Basically‚ we were sick of so many BR bootlegs floating around that never "got it right" in terms of chronology‚ or thoroughness. They all had something unique to them‚ but there were always oversights. So‚ like taking pieces from a puzzle‚ we decided to simply "cut and paste" from all the exiting releases (official‚ bootlegs‚ private releases‚ etc)‚ 1982 video‚ 1992 directors cut and construct something fresh. We paid close attention to chronologically follow the sequences from the film. Although not agreeing at first‚ we finally decided it would be best to have the tracks flow into one another‚ as a sort of BR suite. We originally wanted to make the discs just for our enjoyment‚ but we thought it would be neat to come up with artwork and make it a "private release" for our friends.
That’s all. As for the follow-up‚ "L.A. 2019‚" we wanted to make an "ambience" cd that transported the listener to the world of Blade Runner. The sound effects are almost entirely from the BR game‚ with Vangelis stuff layered in the back. We inserted "Reve" and an unused piece from "The Bounty" as well‚ because they both fitted the mood very well.Why the name "Esper Productions?" We thought a logo of the Esper machine would make an original pseudo trademark. Hence the name.

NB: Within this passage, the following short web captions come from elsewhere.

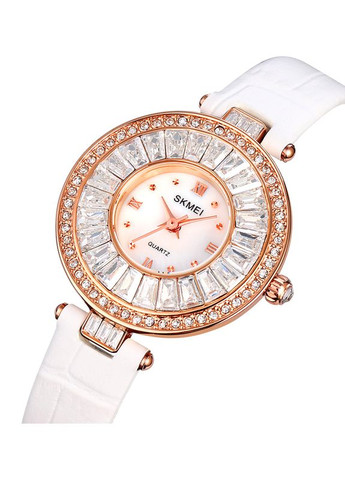 2009WT White Skmei (372945115)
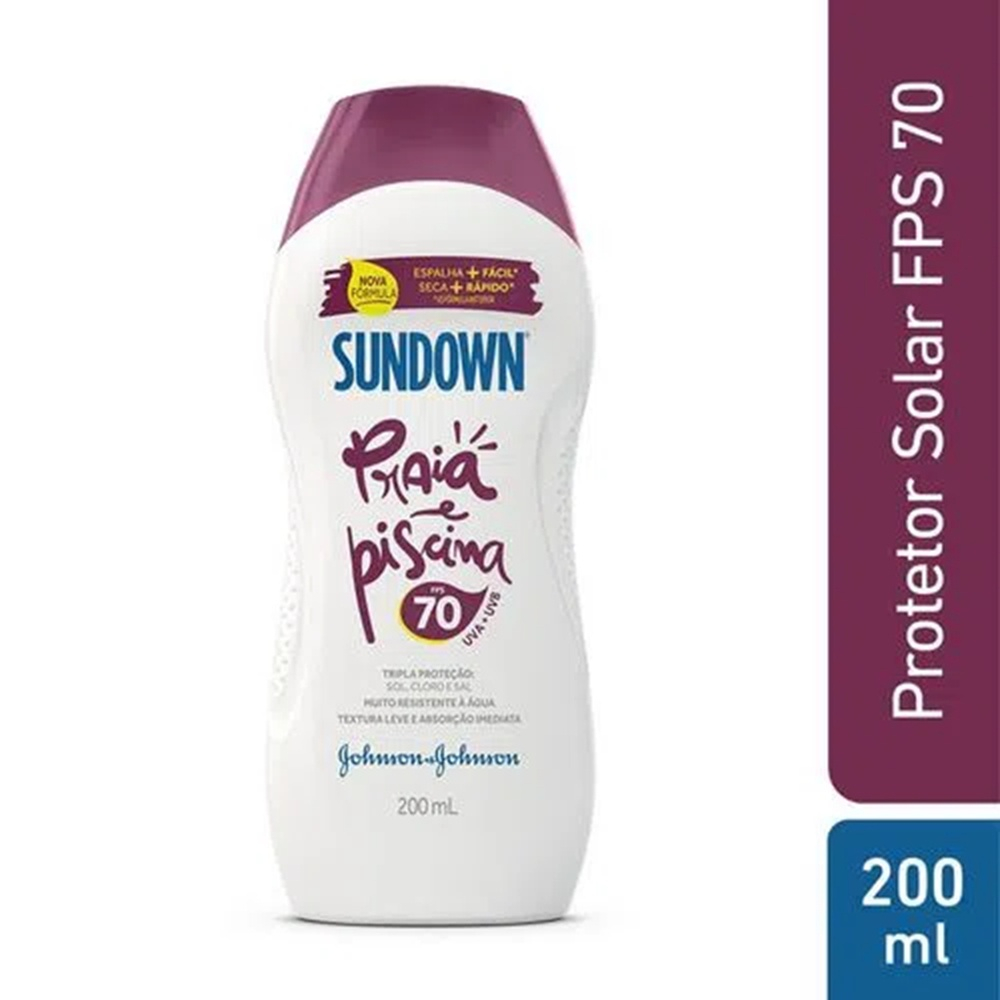 Sundown 70: Guia Completo e Onde Comprar | BuscaProdutos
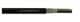 LUTZE / Amphenol A2190603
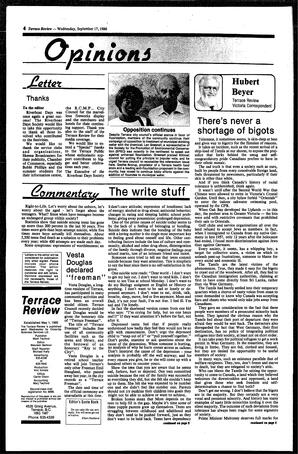 TRe-02-38-09171986.pdf-4
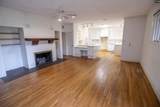 2119 Cherry Laurel Drive - Photo 39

Lastly‚ let us stress that our intention was always to make this a project by fans for fans. It was created out of love for Vangelis’ music‚ not money. Having said this‚ if other fans want to further the "Esper" concept by adding‚ re-editing or using our "work" to get a different result‚ that’s fine -provided that they do not use the name “Esper Productions‚” which has been ripped-off just to cash-in.
In 2005 however, an excellent sound quality bootleg of the MK2 surfaced for a short while called Esper Analysis, which was not only affordable (about the cost of two cdr's as I recall) and came with silkscreened discs in a double DVD package with some pretty nifty artwork.
If you can get hold of a copy, it's certainly worth a listen, until the official version comes out anyway.